Along with animated backgrounds, iDVD 2.0 lets you easily create animated buttons on your menus. When you add a video clip, you automatically create a button showing the first frame of that clip. Click the button, and controls appear above it that let you animate the button by looping a set amount of the clip. You can also choose a certain frame of the clip to use as a static button image. Oddly, iDVD offers no menu for importing sound and image files that you might want to use as menu background, so you'll have to drag them from their original locations to insert them--an awkward process. iDVD 2.0 also creates slide shows that you can burn onto disc or display as moving backgrounds on your DVD menu. The slide shows are a nice touch that neither MovieFactory nor NeoDVD offers.

Simple burning
Once you're done editing, click the Preview button in the lower right corner to sample your DVD; it lets you pretend you're a real viewer by "testing" your menu with an onscreen DVD remote. Cute. You simply go back to edit mode to make any changes, and, when you're satisfied, insert a blank DVD-R disc and click the Burn button. iDVD provides background MPEG encoding so that you can keep working on other projects while it's parsing long files.

Hardware headaches
Unfortunately, no matter how well iDVD might work, it's a curse for Mac owners who already own external DVD-R drives.
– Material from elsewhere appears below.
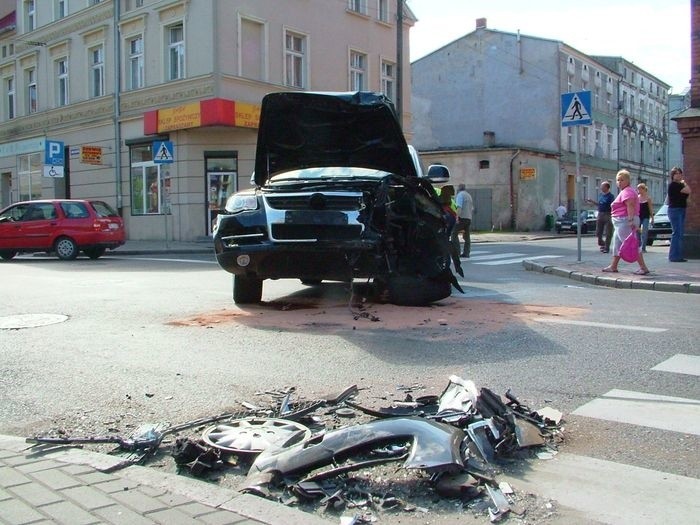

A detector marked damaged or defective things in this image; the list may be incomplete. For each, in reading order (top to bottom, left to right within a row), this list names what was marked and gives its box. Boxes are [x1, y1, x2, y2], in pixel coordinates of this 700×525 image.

That's because iDVD 2.0, like its predecessor, works only with internal SuperDrives, Apple's CD-R/RW/DVD-R combination drives. The drives are currently available only on desktop G4s and the high-end, flat-screen iMac, an expensive proposition any way you slice it. We're hoping for a third-party workaround, but for now, you must upgrade to use iDVD. Of course, you'll have to upgrade your OS, too: iDVD 2.0 works only with OS X 10.1 or higher.

If you already have the drive and the OS, iDVD 2.0 will set you back just $19.95, for shipping and handling. The price is about right, too. iDVD 2.0 isn't the most powerful DVD-creation tool we've seen, but it's easily the prettiest. Mac users can't go wrong in giving it a try.

Press the Themes button in the lower left corner, and a shelf opens from the left, showing the various themes. Tabs at the top of this shelf let you customize onscreen elements, such as buttons and fonts, and see a list of all movie clips used in your project.